INHOUDSTAFEL | LEZINGEN VAN VANDAAG

LECTIONARIUM

van de

TRIDENTIJNSE MIS

Negentiende zondag na Pinksteren

De brief aan de Efeziërs 4:23-28 Gij moet u vernieuwen naar de inwendige geest; gij moet den nieuwen mens aantrekken, die naar Gods beeld is geschapen in ware gerechtigheid en heiligheid. Legt daarom de leugen af en spreekt de waarheid tot den naaste, ieder voor zich; want ledematen zijn we van elkander. Wordt gij toornig, zondigt dan niet; de zon ga niet onder over uw toorn; geeft geen vrij spel aan den duivel. De dief mag voortaan niet meer stelen, maar moet arbeiden, om met eigen handen de kost te verdienen, en iets over te houden, om het weg te schenken aan wie er behoefte aan heeft.

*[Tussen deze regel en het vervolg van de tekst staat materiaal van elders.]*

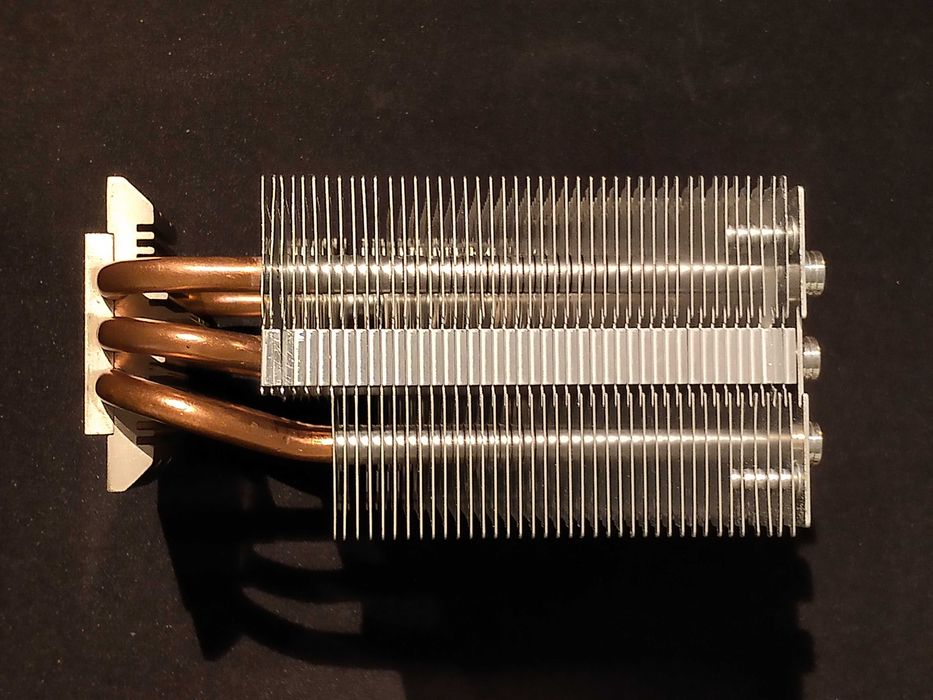 Chłodzenie Radiator BeQuiet! Pure Rock Slim BK008 92mm 120W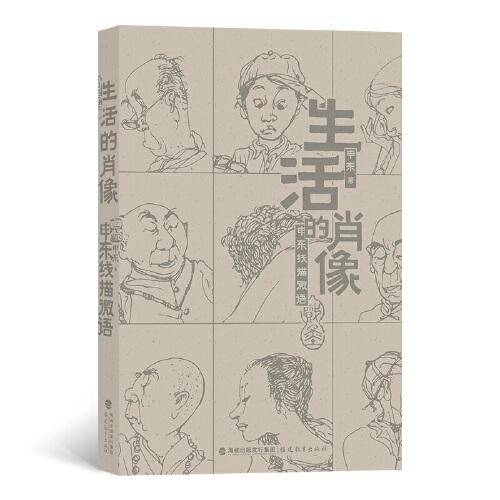 生活的肖像：申东线描微语  朋友圈里的生活速写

Het Evangelie volgens Matteüs 22:1-14 Weer nam Jesus het woord, en sprak tot hen in gelijkenissen: Het rijk der hemelen is gelijk aan een koning, die een bruiloftsmaal gaf voor zijn zoon. En hij zond zijn dienaars uit, om de genodigden tot de bruiloft te roepen; maar ze wilden niet komen. Opnieuw zond hij andere dienaars, en sprak: Zegt aan de genodigden: Ziet, ik heb mijn maaltijd gereed, mijn ossen en mestvee zijn geslacht, en alles is klaar; komt toch ter bruiloft. Maar ze sloegen er geen acht op, en gingen huns weegs; de een naar zijn hoeve, de ander naar zijn zaken. De overigen grepen zijn dienaars vast, mishandelden en doodden ze. Toen werd de koning vergramd; hij zond zijn leger uit, doodde die moordenaars en stak hun stad in brand. En hij sprak tot zijn dienaars: Het bruiloftsmaal is wel gereed, maar de genodigden verdienden het niet. Gaat dus naar de kruispunten der straten, en nodigt allen ter bruiloft, die gij er vinden zult. Zijn dienaars gingen de straten op, en verzamelden allen, die zij er aantroffen, slechten en goeden; en de bruiloftszaal werd met gasten gevuld. Toen nu de koning binnentrad, om de aanliggende gasten te zien, zag hij een man, die geen bruiloftskleed aan had. En hij sprak tot hem: Vriend, hoe zijt ge hier zonder bruiloftskleed binnengekomen? Hij wist er geen antwoord op te geven. Nu zei de koning tot zijn bedienden: Bindt hem handen en voeten, en werpt hem naar buiten de duisternis in; daar zal geween zijn en gekners der tanden. Want velen zijn geroepen, maar weinigen zijn uitverkoren.